● **PROBLEM REQUIREMENTS**
With the images removed, transcribe the listing that follows exactly.

● **PROVIDED DATA**
- - - -

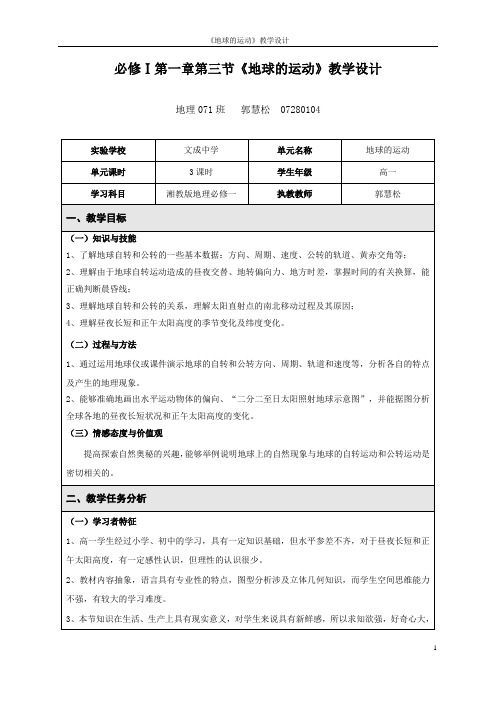 湘教版高中地理必修一第一章第三节的教学设计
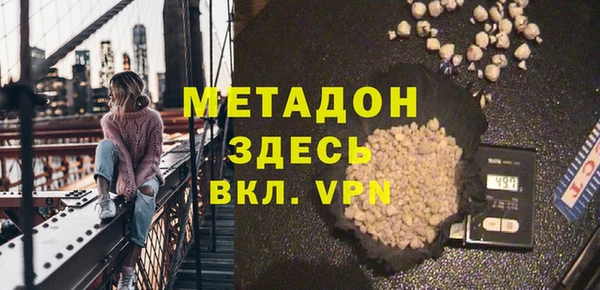 эйфоретик Ростов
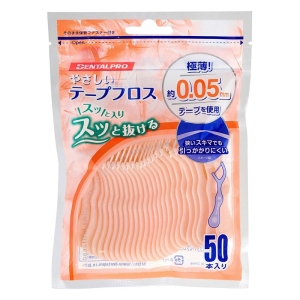 デンタルプロ やさしいテープフロス 50本入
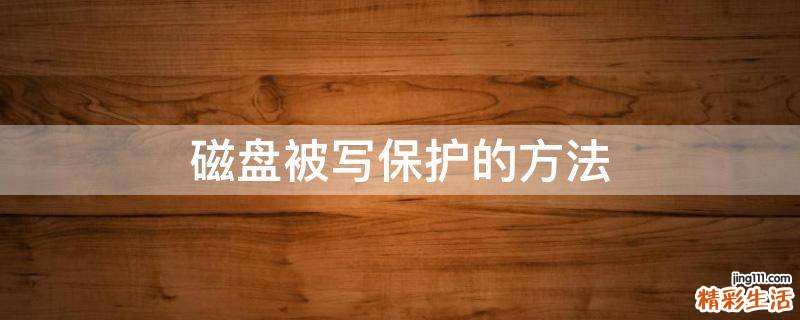 磁盘被写保护的方法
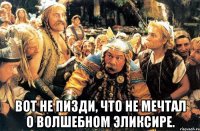  вот не пизди, что не мечтал о волшебном эликсире.
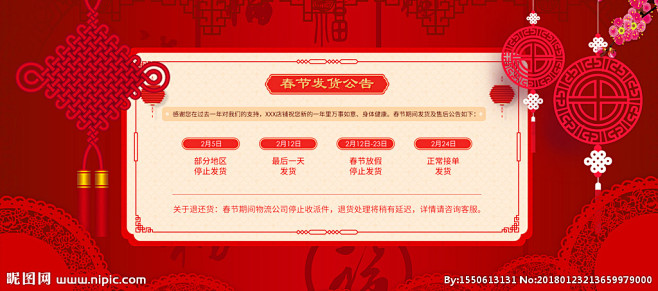 2018淘宝天猫春节放假公告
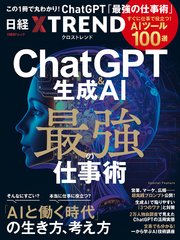 ChatGPT＆生成AI 最強の仕事術 すぐに仕事で役立つ！ AIツール100選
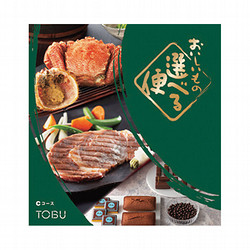 おいしいもの選べる便・Cコース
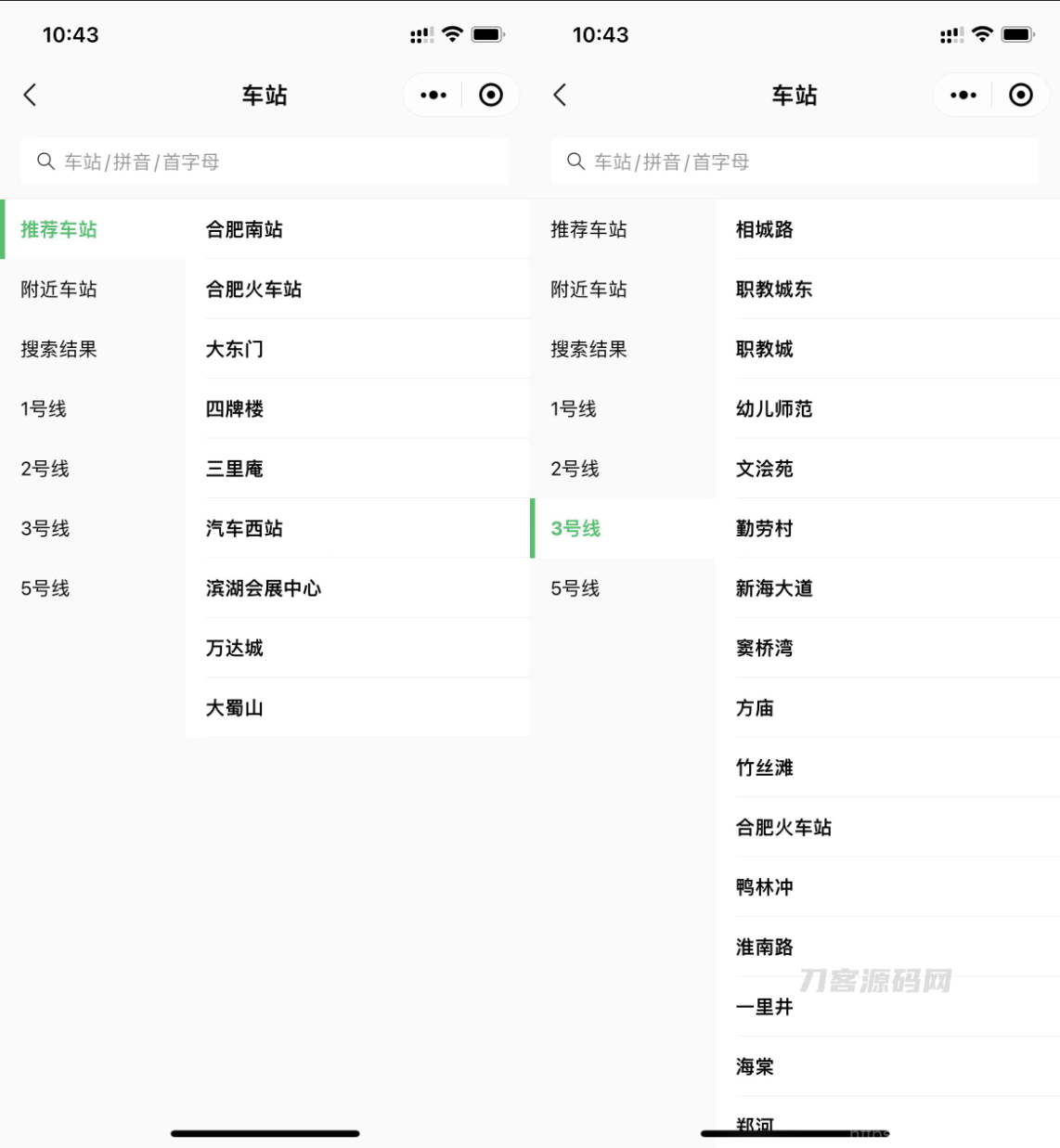 地铁路线图云开发小程序源码插图3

- - - -

● **RESULT OF THE EXERCISE**
 湘教版高中地理必修一第一章第三节的教学设计
 эйфоретик Ростов
 デンタルプロ やさしいテープフロス 50本入
 磁盘被写保护的方法
  вот не пизди, что не мечтал о волшебном эликсире.
 2018淘宝天猫春节放假公告
 ChatGPT＆生成AI 最強の仕事術 すぐに仕事で役立つ！ AIツール100選
 おいしいもの選べる便・Cコース
 地铁路线图云开发小程序源码插图3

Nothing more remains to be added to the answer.